Technology & Science
SpaceX Absorbs xAI Ahead of $50 B IPO, Creating $1.25 Trillion Musk Conglomerate
On 2 Feb 2026, Elon Musk folded his cash-hungry AI startup xAI into SpaceX via an all-stock deal, welding the two private giants into a single entity valued at roughly $1.25 trillion before a planned public listing later this year.
Focusing Facts
- Four days before the announcement, SpaceX filed with the FCC to launch up to 1 million satellites to host orbital data-center nodes for xAI’s models.
- Internal budgets show xAI burning about $1 billion per month after a January raise that pegged it at a $230 billion standalone valuation.
- IPO bankers have circulated a preliminary price of $526.59 per share that would raise as much as $50 billion for the merged firm.
Context
Musk’s move echoes the 1901 creation of U.S. Steel—when J.P. Morgan fused disparate mills into a $1 billion behemoth—by using capital markets to bankroll technology too expensive for standalone entities. Like the 1990s Iridium satellite project, it bets that space-based infrastructure can create a new telecom/computing layer; unlike Iridium, Starlink already generates cash, tilting the risk calculus. The tie-up embodies two long arcs: (1) relentless vertical integration of critical tech stacks (from oil in the 1880s to cloud+chips today) and (2) the shift from state-funded space activity to billionaire-backed conglomerates.

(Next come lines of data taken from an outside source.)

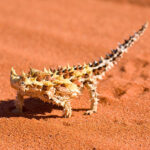 Classification of Moloch (Thorny devil)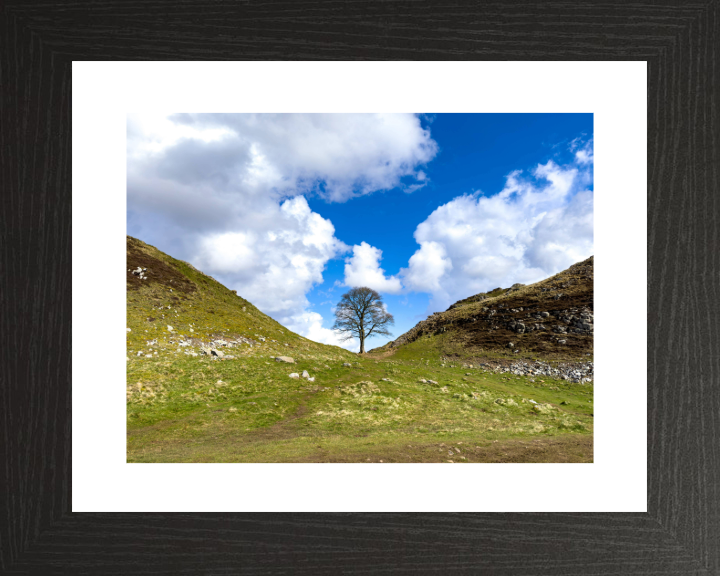 Sycamore Gap Hadrians Wall Northumberland Photo Print - Canvas - Framed Photo Print - Hampshire Prints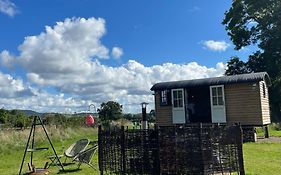 Toadland Shepherd Huts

Over a 100-year horizon this could matter if orbital computing becomes as foundational as terrestrial fiber, but it could also fizzle—governance opacity, regulatory pushback, and the physics of launching a million satellites remain giant unknowns. Whether history sees this as the birth of the first space-AI utility or another overleveraged empire will hinge on execution and on society’s tolerance for quasi-private control of both orbital lanes and information pipelines.
Perspectives
Mainstream business press
e.g., Bloomberg Business — Frame the SpaceX–xAI merger as a strategic pooling of capital that will speed Musk’s IPO plans and create a $1.25 trillion powerhouse spanning rockets, AI and satellite internet. Coverage aimed at investors foregrounds eye-catching valuations and growth upside while soft-pedalling governance problems or the fact that xAI’s benefit to SpaceX is still ‘unclear’.
Wall Street analysts and investor sceptics
quoted in Bloomberg — Warn that folding cash-hungry xAI into profitable SpaceX injects uncertainty and could erode the value of outside stakeholders such as EchoStar, calling xAI a ‘market laggard’. Analysts may accentuate downside risk to appear prudent and protect clients, leaning on limited public data and potentially underestimating synergies Musk could realise.
Technology & general-interest outlets
Ars Technica, BBC, CNBC — Highlight Musk’s grand vision—using SpaceX’s launch capacity to build a one-million-satellite AI constellation—portraying the deal as the next dramatic step in extending ‘consciousness to the stars’. Stories play up the spectacle and visionary narrative to captivate readers, giving less space to boring financials or the regulatory probes and technical hurdles that could derail the plan.